‘What’s some UK lore that sounds too unbelievable to be true?’ – 19 utterly bizarre stories that prove Britain is the weirdest place in the world
The United Kingdom is a place of contradictions. On the one hand we’re all stiff-upper-lipped, well-to-do politeness and properness. And on the other, we are the nation that invented things like cheese rolling and bog snorkelling.
They’ve been chatting about the stranger, and often incredibly local, elements of the country on the AskUK subreddit after SubstantialRope8628 posted this:
‘What’s some UK lore that sounds too unbelievable to be true?’
And plenty of people were happy to oblige, like these…
1.
‘People have been known to have sex on the Cerne Abbas Giant’s penis before dawn on May Day to increase their fertility.’
2.
‘Used to live quite close to the Leopard man – he’d has his body tattooed all over to look like a leopard and had withdrawn from society to live as a hermit. Ex-military man.’
–Timely_Egg_6827
3.
‘This might be quite local but the South Coast is covered in smuggler’s tunnels that during WW2 were largely converted to bomb shelters in the South East. My Granny walked from Broadstairs High Street to Ramsgate Harbour for work completely underground, about 4 miles.’
–farlos75
4.
‘A lot of people in Scotland to this day refuse to cut down a rowan tree. They are believed to have strong links to the Fae realm and it is a serious taboo to take a blade to one. They are often considered protective trees and are planted in homesteads, but to cut one down would invite a curse.
‘My in-laws moved to Scotland a decade ago and we’re very shocked when the man they hired to help them get their new place in order told them there was no price they could name that would convince him to cut down a rowan.’
–alicatpow
5.
‘Also a good indicator for winter weather – lots of berries means winter is going to be harsh. We had that growing up, plus make sure your egg shells have a hole in them so witches can’t use them to sink fishing boats.’
–Timely_Egg_6827
6.
‘We had Trolley Ted. Nothing particularly unusual about him really, except he would look somewhat unkempt. He would walk around the town, collecting trolleys and returning them to their respective stores. Did it unpaid, even turning down the offer of a salary because he said he didn’t do it for the money. Died some years ago, but he was quite the legend. Nice guy too apparently.’
–haushinkadaz
7.
‘Walthamstow Bunny Man also known as the Hackney Bunny Man. A man with two large rabbits he took about on a shopping trolley. Any and everyone could have a pet of them. Chilled out guy.’
–gogoluke
8.
‘The Naked Rambler used to be a weird one. Bloke went through a string of being released from custody and immediately arrested for public indecency or contempt of court as he refused to wear clothes.’
–brightdionysianeyes
9.
‘The Chalvey (Slough) Stab Monkey. The story I knew growing up was that there was a monkey that used to go round stabbing people. Turns out it was a real thing, but it was an organ grinders Monkey that got stabbed. And the locals paid for a funeral and replacement monkey.’
–AdministrativeShip2
10.
‘From Norwich and this always makes me chuckle.

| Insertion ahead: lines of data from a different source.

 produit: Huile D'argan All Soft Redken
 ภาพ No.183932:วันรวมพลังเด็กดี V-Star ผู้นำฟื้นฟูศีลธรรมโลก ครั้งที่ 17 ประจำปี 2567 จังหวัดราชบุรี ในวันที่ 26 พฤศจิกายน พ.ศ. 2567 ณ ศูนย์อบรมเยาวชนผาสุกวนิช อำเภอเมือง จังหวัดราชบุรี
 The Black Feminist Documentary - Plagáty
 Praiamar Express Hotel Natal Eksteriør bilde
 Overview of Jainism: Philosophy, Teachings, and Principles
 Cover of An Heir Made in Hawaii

“In 1274, Norwich became the first and only complete city in England to be excommunicated by the Pope. The drastic penalty was issued by Pope Gregory X following a period of intense and violent clashes between the city’s residents and the monks who ran Norwich Cathedral.”‘
–MisterD90x
11.
‘Every town has a guy who wears a brown robe and sandals. Usually named “Jesus man”.’
–cactusdotpizza
12.
‘It is generally accepted that wolves disappeared from England by the early 15th century. According to Cumbrian folklore, the last English wolf was hunted and killed at Humphrey Head, near Grange-over-Sands, around 1390.’